Pour son premier long-métrage documentaire, le réalisateur et protagoniste, Sergio Guataquira Sarmiento, fait preuve d’une humilité plutôt touchante. Il ne force jamais son sujet et, conscient de ses propres limites d’expertise, de langage et de temps, il se laisse guider par son instinct, à la découverte de la vie affective des membres de la communauté. Cette spontanéité dans la posture donne lieu à des récits envoutants de plusieurs légendes, coutumes et croyances, contés par son ami Laureano. On retiendra, entres autres, celle, représentée sur l’affiche du film, d’une femme métamorphosée en papillon qui vient se poser sur la peau de celui qu’elle aime.

Tout au long du documentaire, filmé avec une pellicule en noir et blanc, on se retrouve plongé dans une atmosphère romantique, caractérisée par l’omniprésence d’une nature luxuriante et divine et par l’exaltation d’une nostalgie planante et d’une tristesse muette. L’œil avisé ne manquera d’ailleurs pas de remarquer la référence au célèbre tableau de Friedrich, transposé cette fois à la jungle amazonienne.

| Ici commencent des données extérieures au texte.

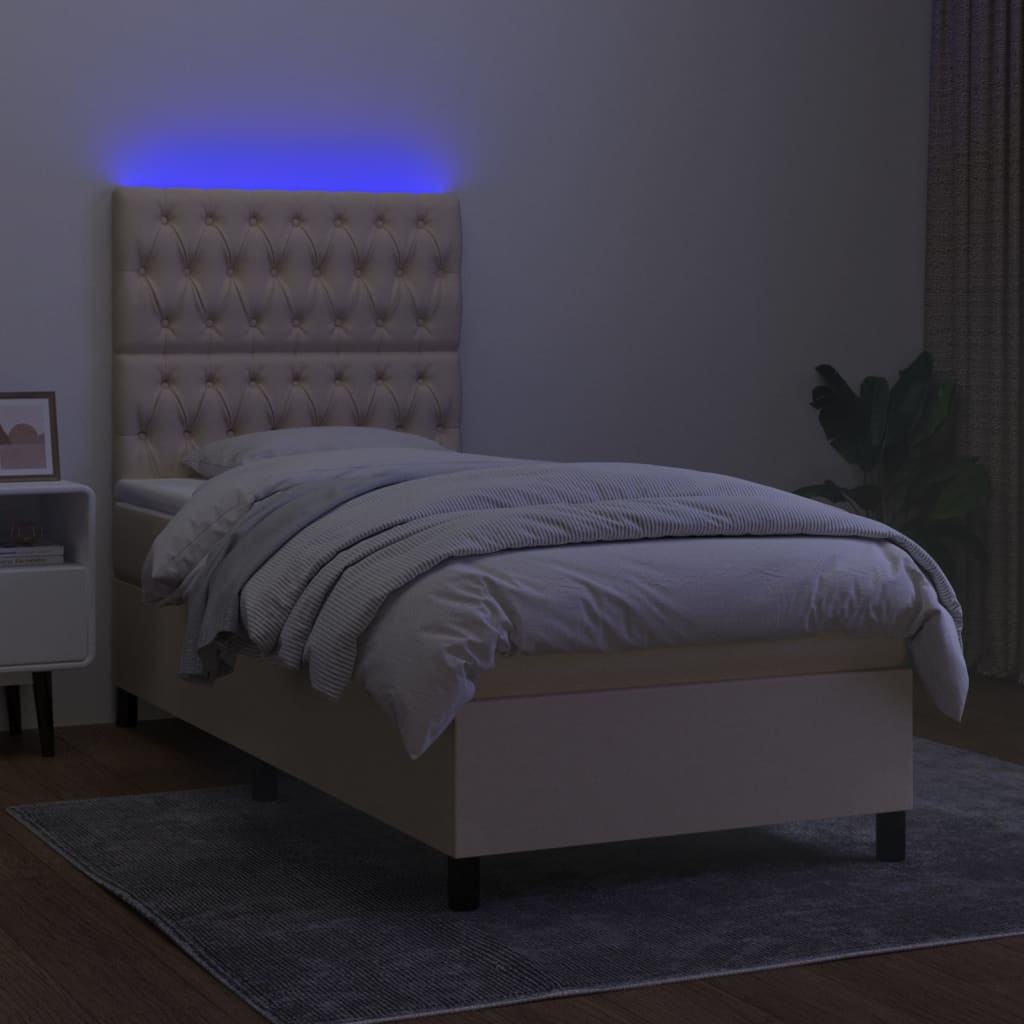 vidaXL Posteľ boxsping s matracom a LED krémová 80x200 cm látka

Pour ce qui est de la vie affective des Cácuas, si Sergio Guataquira laisse penser que leur affliction palpable est dû au manque des mots pour exprimer le sentiment d’amour, il est légitime de se demander si ce mal-être ambiant n’est pas aussi dû à un peuple qui n’a jamais su questionner son modèle patriarcal alors même que les mentalités du monde moderne, dont ils ont connaissance, y ont été contraintes. Les témoignages de Laureanno à ce sujet ne manquent d’ailleurs pas, toutefois, les esprits les plus scientifiques d’entre nous regretteront peut-être aussi qu’il soit quasiment l’unique interlocuteur du réalisateur.

Enfin, le documentaire se termine sur les aurevoirs entre Sergio et Laureanno, à qui il pose une dernière question sur sa propre identité avant de terminer par ces mots remplis d’une affection nouvelle, « Adieu, sauvage ».